In a reminder that willful violations of the International Traffic in Arms Regulations (ITAR) are criminal and can carry significant sentences, on November 1, 2019, and November 6, 2019, two federal grand juries in Southern California charged three Saudi nationals with violating the Arms Export Control Act (the statute implemented by the ITAR) among other federal laws.
Two of the nationals, Alsufyani and Alzahrani, are charged with conspiracy to smuggle goods outside of the United States and knowingly exporting weapons parts without a license. Federal prosecutors allege that, while in the United States on student visas, the men purchased $100,000 worth of riffle barrels, riffle triggers, and other related items and concealed them in their checked luggage by falsely identifying the items as shower curtain rods and car parts. A third Saudi national, Alabdulwahab, was separately charged earlier in the week with 15 counts of smuggling and 15 counts of knowingly exporting firearm parts from the United States without a license.
If convicted of all charges, Alsufyani could face a statutory maximum sentence of 65 years in federal prison, while Alzahrani could face 25 years. Alabdulwahab could face a statutory maximum sentence of 10 years in federal prison for each smuggling count and 20 years for each violation of the Arms Export Control Act.

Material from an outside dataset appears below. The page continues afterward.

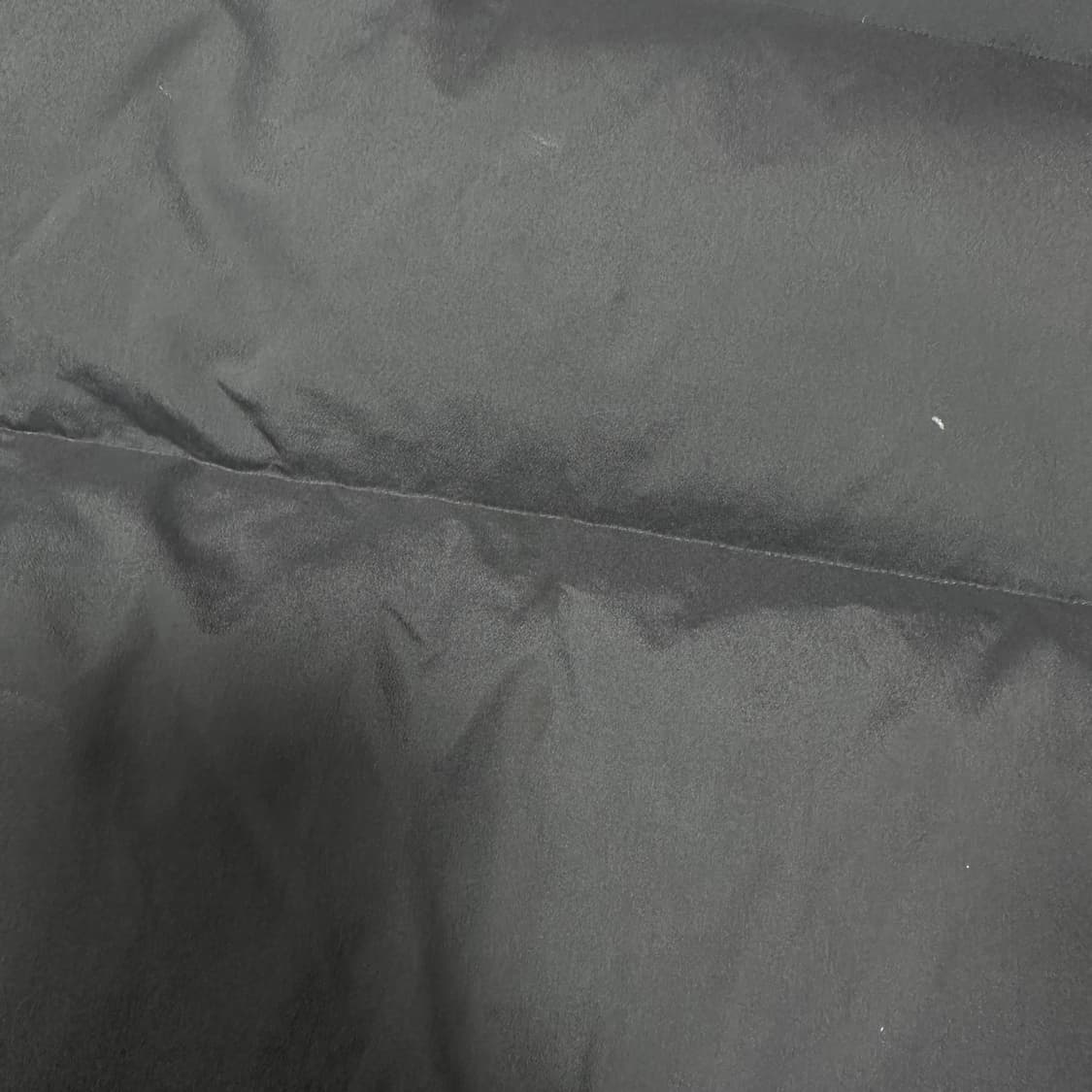 ✨ (바배) 뉴발란스 덕다운 그레이 롱패딩  상품이미지5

All three defendants are believed to be in Saudi Arabia and it is unclear whether they will be extradited to the United States. The cases are being prosecuted by Reema El-Amamy and Christopher Grigg, Assistant United States Attorneys from the Terrorism and Export Crimes Section. Attorney Matthew Chang of the Justice Department’s National Security Division is assisting with both cases. The FBI-led Joint Terrorism Task Force and U.S. Immigration and Customs Enforcement’s Homeland Security Investigations investigated the cases.